初期値を [0, 0, 0, 0, 0, 0, 0, 0, n] と与え、[n, 0, 0, 0, 0, 0, 0, 0, 0] となるまでループさせる。
※これだと最後の [n, 0, 0, 0, 0, 0, 0, 0, 0] のパターンを見れていないことになるが、1 から始まって 4 枚以下という手牌は標準形ではないので気にしない
求め方
牌くるくるをしながら、下記手順で確認していく。
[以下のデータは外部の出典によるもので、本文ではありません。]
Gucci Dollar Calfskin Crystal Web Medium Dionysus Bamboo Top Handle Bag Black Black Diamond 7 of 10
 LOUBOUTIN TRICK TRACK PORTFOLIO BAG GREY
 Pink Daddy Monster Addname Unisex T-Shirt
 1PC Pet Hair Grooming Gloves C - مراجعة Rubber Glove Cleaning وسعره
全部 yes になったものが求めるべき手牌である。
A. 手牌が正当であるかどうか(5枚以上使われているものがないか)
B. 手牌が標準形であるかどうか
C. 手牌が聴牌形であるかどうか
D. 手牌が既約であるかどうか
結果
https://github.com/firedial/mahjong_wait/blob/main/result.txt
ここにリスト化した。読み方はここを参照。
※間違っているかもしれないので、信じすぎないように
手牌 1 枚
🀑
単騎待ちのみ。
手牌 4 枚
🀑🀓🀙🀙
🀑🀒🀙🀙
🀑🀑🀙🀙
🀑🀒🀓🀔
🀑🀑🀑🀓
🀑🀑🀑🀒
これらの 6 通り。嵌張、両面、シャンポン、ノベタン、四暗刻聴牌のときに鬱陶しい待ち*2 である。
手牌 7 枚
19 通り。冒頭に乗せたサイトと結果一致。
手牌 10 枚
手牌 10 枚から、通り数のカウント方法によって若干変わってくる。
それは、待ち送り形が 2 種類になるのと、長さ 8 の手牌が出てくるからである。
待ち送り形が増えること
10 枚になったことにより、5 枚の待ち送り形を使って以下のような形を考えられる。
🀑🀑🀑🀒🀓🀙🀙🀙🀚🀛
この形も 10 枚待ちで、和了牌は 🀑🀓🀙🀜 である。
しかし 🀑🀑🀑🀒🀓🀙🀙 と実質同じなので、今回はカウントしない。
長さ 8 の手牌
平行移動によって同じとみなすかは手牌による。以下長さ 8 である全パターン 6 通りである。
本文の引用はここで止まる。